Swinburn is interested in liminality, the process of transitioning across borders or boundaries in space or time that often requires formal procedures. She focuses on investitures, a term that applies to both an honorary ceremony and a type of garment that covers, protects, or adorns the wearer. “My works are what I called Ritual Investitures that extend power and resistance by the way they are constructed,” she says, “also in the fictional idea of how this can be used as an armour to protect, or wings to fly, or become something you wish.”
From meticulously folded pieces of paper comes a draping fabric, often mounted onto a panel or photographed as it wraps around a figure’s shoulders. The historically fraught practices of collecting and exhibiting cultural artifacts, ceremonial materials, and human remains is also a touchpoint for Swinburn, as she considers the nature of ownership, power, bias, and representation. She often uses archaeological volumes for her sculptures, culling pages cataloging ancient Roman floor mosaics or antiquities. “Athánatoi,” for example, is woven from vintage sheets containing documentation of displaced glazed bricks from the Palace of Darius, Susa, an ancient city in modern-day Iran.
In archaeology, textiles rarely survive, adding another layer of mystique to craft and garment traditions around the world. “Textiles are among the most visible signs of sacred spaces and sacred roles,” Swinburn says. Using a technique she calls “inset” or embedding, the artist creates a durable fabric with a robust geometric structure that references built environments and patterns employed by Indigenous groups. “The weaving is designed with a stepped pattern inspired from the sacred ruins and old scaffold textiles used in the Andean cultures,” she says. “Referring to the suyu whipala structure, each module is cut and joined together manually.”

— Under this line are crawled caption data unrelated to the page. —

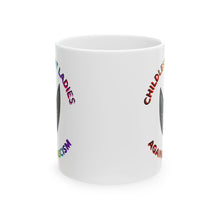 Load image into Gallery viewer, Childless Cat Ladies Against Fascism Mug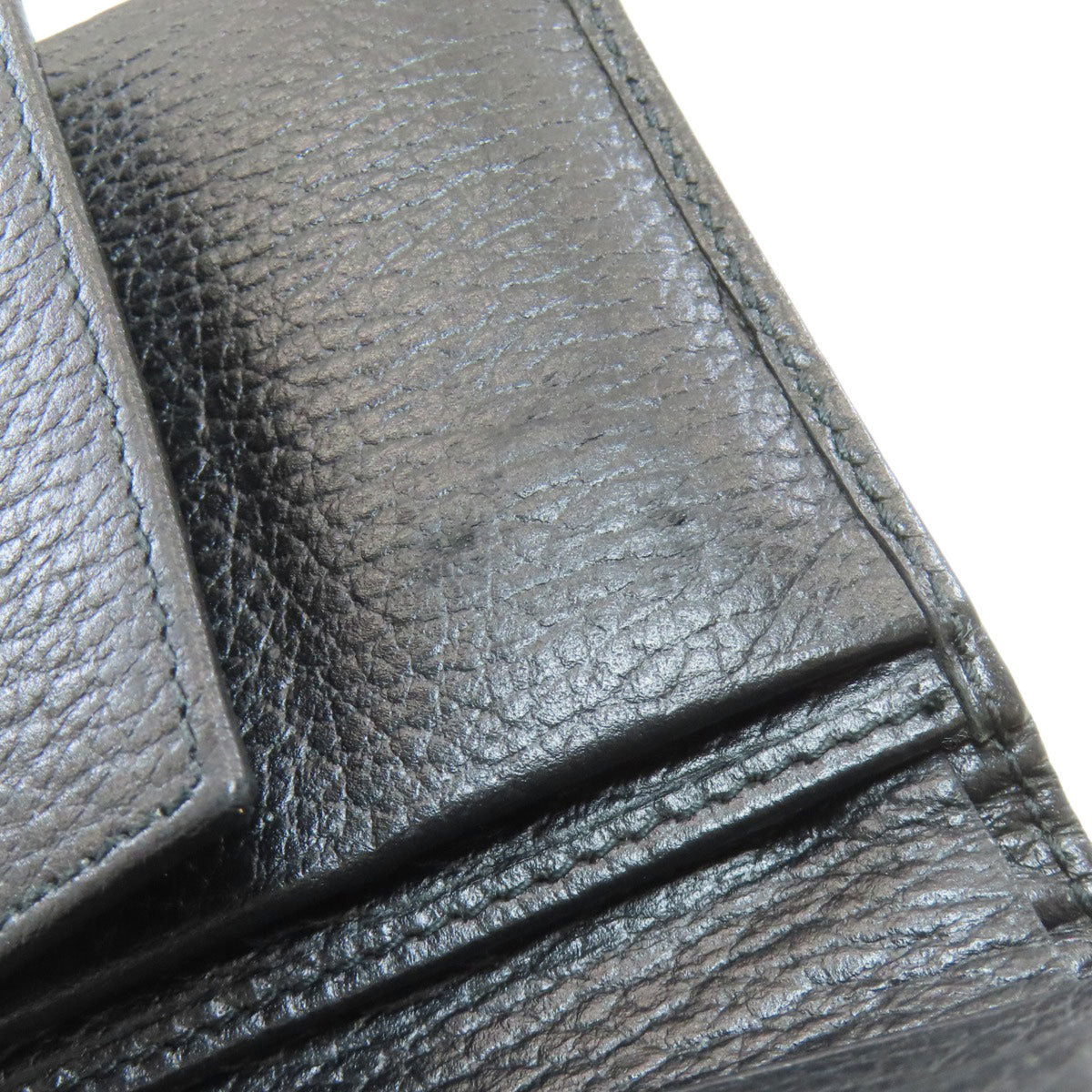 Gucci Black Nylon Wallet (Bi-Fold) (Pre-Owned)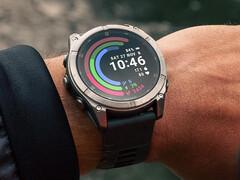 De Fenix 8 Pro heeft een speciale v21.xx update ontvangen.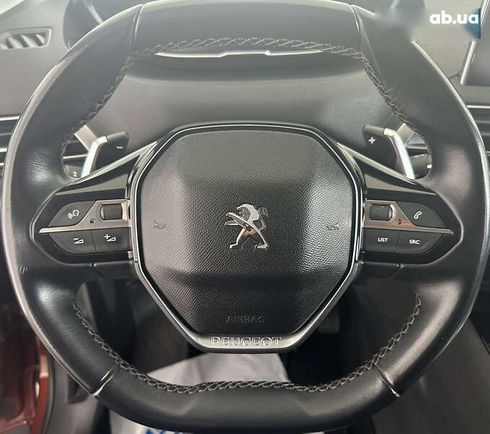 Peugeot 3008 2018 - фото 21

Books have fascinated Swinburn since childhood, when her father amassed stacks of volumes about architecture and prehistoric civilizations. She finds her source material in charity shops, markets, fairs, and during her travels, often inspired by a unique title or vintage illustrations. “Books for me are like pilgrims: they are also constantly travelling and moving,” she says. “They have passed from different hands, so it holds its narrative, but for me, also the narrative of it’s own journey.” The portability of Swinburn’s materials is a significant aspect of her practice, since she travels frequently. Her technique involves slicing out the leaves, then carefully cutting and folding into precise squares that can be bundled up and taken anywhere.
Textiles have been long been associated with domestic activities and often disparaged as “women’s work.” Swinburn turns the tables on this narrative, exploring the representation of women throughout time or highlighting their absence from the record altogether. She says, “I mostly named all of my pieces out of names for emblematic women: Penelope, Arachne, Inanna, Astarte, Isis, Phoenix, Cocha, Quilla, Copacati, Dido, Aida… I always think, what about if history would have been told from a feminine perspective? I want to bring back these narratives and empower them, for us all to think on how powerful they have been.”